Bize ekonomik faaliyetlerin her çeşidi insanın mutluluğu, milletin kalkınmasıdır diyorlar. Doğrudur. Kalkınma bir tekâmüldür. Ama bu zekânın eseridir. Zekânın yaratma kabiliyeti eğitim yolu ile tekâmül etmiştir. Bu bakımdan zekâ, düşünmeyi öğrenmiş insanın düşünme tekniğini çeşitli hayat ve faaliyet problemlerine uygulaması imkânını yaratır. İşte insana bu imkânı veren, onun bu yoldaki istidat ve kabiliyetlerini geliştiren yine eğitim olmaktadır. Görülüyor ki insanın mutluluğuna hazır tüm imkânların kullanılması, değerlendirilmesi, insanın yeni imkânlar bulması, bunları daha mutlu bir hayatı yaşamak için enerji haline getirmesi yine insanın eseri olmaktadır.
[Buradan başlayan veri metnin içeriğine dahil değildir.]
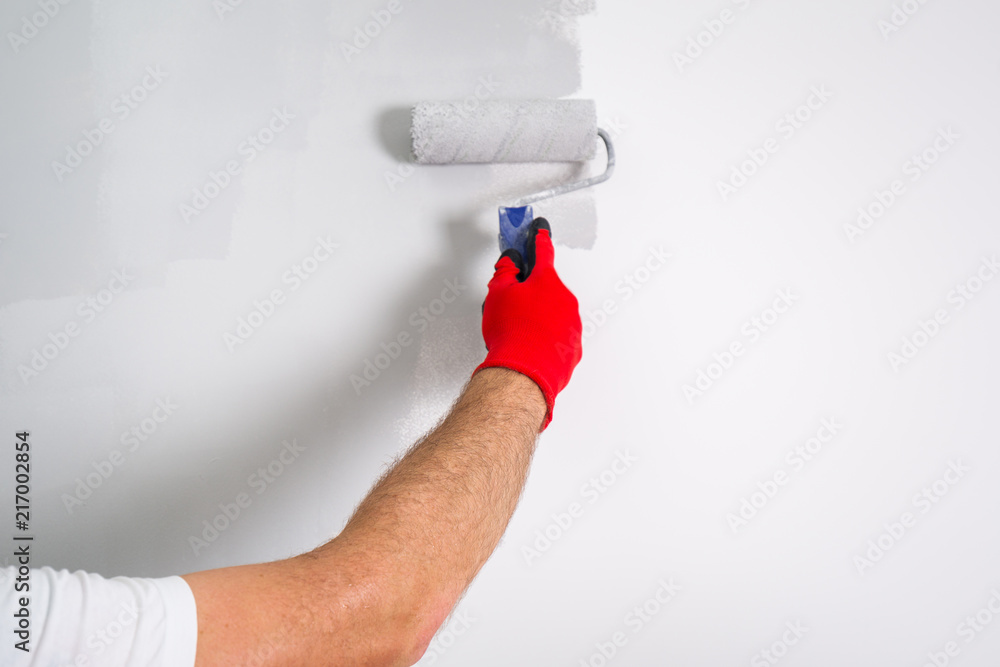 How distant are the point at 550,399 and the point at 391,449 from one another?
315 millimetres

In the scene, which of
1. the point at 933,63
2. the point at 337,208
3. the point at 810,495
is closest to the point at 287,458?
the point at 337,208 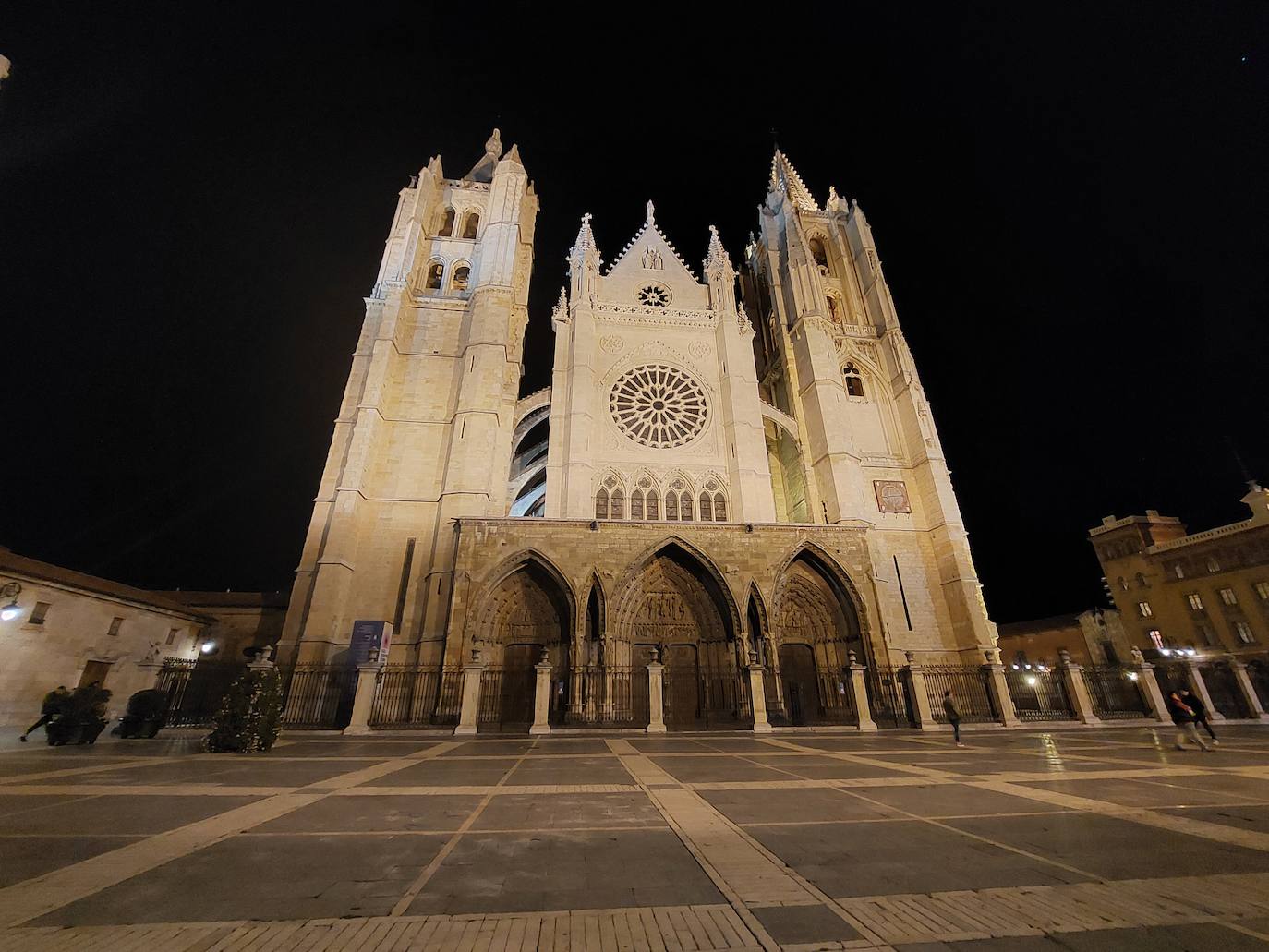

Bu noktada ekonomistlere bir örnek vermek istiyorum. Ondokuzuncu yüzyılın başındayız. Napolyon tüm Alman üniversitelerini kapatmıştır. Yalnız Berlin Üniversitesi’nde 4 profesör ders vermektedir. Bu dört Prof.’den biri ünlü Fichte’dir. Kantın yeni ruhunu taşıyan Fichte’nin Alman milletine Hitabe'sine tekmil Almanya kulak vermiştir. Fichte Alman zekâsına Alman enerjisi ve Almanın çalışmasına övgüler yapmaktadır. Fichte demektedir ki: Bir Alman milleti varsa ve bu millet, yeni fikir aynası karşısında kendini tanıyabiliyorsa onun kendini bulmasının çaresi yok mudur? Evet, bu yeni âleme girmenin bir çaresi bir yolu vardır. O da EĞİTİMDİR. Yani insanda azimli, dayanıklı bir iyi niyet biçimi meydana getirmek sanatıdır. Fikrimizi hür kılabilmek için sağlam ve güvenli bir fikir yapısı kurmamız lazımdır. Fikir ile aksiyon, tek parça birbirinden ayrılmaz bir bütün olmalıdır. Ancak ondan sonra kendinizi bulur, var olabiliriz, millet oluruz. İşte Napolyon orduları önünde yenilmiş Almanya'yı kalkındıran ruh. Almanya'nın 1938 ekonomik ve endüstriyel kalkınmasını yaratan bu ruhtur. Aynı Almanya'yı 1945 yenilgisinden sonra bugünkü refah devrine ulaştıran da budur. Bu refaha 20. yüzyılın insanlığı mucize diyor. Oysa bu mucize değil tamamen yaratıcı zekânın madde üzerinde kurmuş olduğu kesin hâkimiyetten ibarettir.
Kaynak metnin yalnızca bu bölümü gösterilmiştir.